Understanding Time-Series Data

Understanding Time-Series Data

Learn what makes time-series data unique and why Machbase is specifically designed to handle it efficiently. This guide explains the fundamental concepts behind time-series databases.

What is Time-Series Data?

Time-series data is a sequence of data points indexed by time. Each record has a timestamp and one or more values:

(timestamp, value1, value2, ...)

Common Examples

IoT and Sensors:

  • Temperature readings every second
  • GPS coordinates from vehicles
  • Smart meter electricity usage
  • Manufacturing equipment telemetry

Application Monitoring:

  • Server CPU/memory metrics
  • Application logs
  • HTTP request logs
  • Database query performance

Business Data:

  • Stock market ticks
  • Sales transactions
  • Website clickstreams
  • Mobile app events

Characteristics of Time-Series Workloads

1. Write-Heavy

Time-series systems are dominated by writes:

  • Millions of writes per second (sensors, logs, events)
  • Few updates or deletes (historical data rarely changes)
  • Append-only pattern (always adding new data)

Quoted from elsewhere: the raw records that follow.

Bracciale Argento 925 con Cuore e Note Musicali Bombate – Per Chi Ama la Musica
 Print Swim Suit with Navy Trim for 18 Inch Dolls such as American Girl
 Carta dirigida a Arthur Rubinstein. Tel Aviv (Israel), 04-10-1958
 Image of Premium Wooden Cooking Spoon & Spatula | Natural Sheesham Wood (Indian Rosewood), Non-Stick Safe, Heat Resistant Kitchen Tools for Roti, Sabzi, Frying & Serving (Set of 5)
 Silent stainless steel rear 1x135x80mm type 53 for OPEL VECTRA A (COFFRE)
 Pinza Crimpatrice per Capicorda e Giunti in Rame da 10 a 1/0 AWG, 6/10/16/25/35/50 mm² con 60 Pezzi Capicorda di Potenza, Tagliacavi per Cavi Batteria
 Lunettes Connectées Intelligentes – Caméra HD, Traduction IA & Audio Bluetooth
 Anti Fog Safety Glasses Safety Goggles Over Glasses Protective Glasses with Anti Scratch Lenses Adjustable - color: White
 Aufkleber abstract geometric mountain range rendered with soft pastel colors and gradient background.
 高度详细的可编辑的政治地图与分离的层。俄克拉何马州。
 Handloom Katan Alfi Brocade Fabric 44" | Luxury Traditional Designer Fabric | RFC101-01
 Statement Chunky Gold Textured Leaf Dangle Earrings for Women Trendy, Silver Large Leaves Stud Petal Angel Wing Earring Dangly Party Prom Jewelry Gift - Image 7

Traditional databases struggle because:

  • Row-level locking slows writes
  • Complex UPDATE logic not needed
  • Transaction overhead wasted

Machbase solution: Append-only architecture with no row locking.

2. Time-Based Queries

Most queries involve time ranges:

-- Last hour's data
SELECT * FROM logs DURATION 1 HOUR;

-- Yesterday's statistics
SELECT AVG(temperature) FROM sensors
WHERE time BETWEEN '2025-10-09 00:00:00' AND '2025-10-10 00:00:00';

Traditional databases struggle because:

  • Generic indexes not optimized for time
  • Full table scans for time ranges
  • No time-aware partitioning

Machbase solution: Time-based partitioning and indexing built-in.

3. Recent Data Focus

Users care most about recent data:

  • Last 24 hours for monitoring
  • Last week for trending
  • Older data for compliance/archival

Traditional databases struggle because:

  • All data treated equally
  • No automatic aging policies
  • Manual archival processes

Machbase solution: DURATION keyword, automatic partitioning, efficient time-based deletion.

4. High Compression Potential

Time-series data compresses extremely well:

  • Sequential timestamps
  • Repeated patterns
  • Similar values

Traditional databases struggle because:

  • Row-oriented storage
  • Generic compression
  • 2-5x compression typical

Machbase solution: Columnar storage with specialized compression (10-100x ratios).

5. Bulk Aggregations

Common analytical queries:

  • MIN, MAX, AVG over time windows
  • Grouping by time intervals
  • Statistical summaries

Traditional databases struggle because:

  • Aggregations computed on-demand
  • No pre-computed statistics
  • Slow for large datasets

Machbase solution: Automatic rollup tables with pre-computed statistics.

Why Traditional Databases Fail

Problem 1: Row-Oriented Storage

Traditional databases store entire rows together:

Row 1: [timestamp1, sensor_id, temp, humidity]
Row 2: [timestamp2, sensor_id, temp, humidity]
Row 3: [timestamp3, sensor_id, temp, humidity]

Issue: When you query “AVG(temperature)”, database reads ALL columns, not just temperature.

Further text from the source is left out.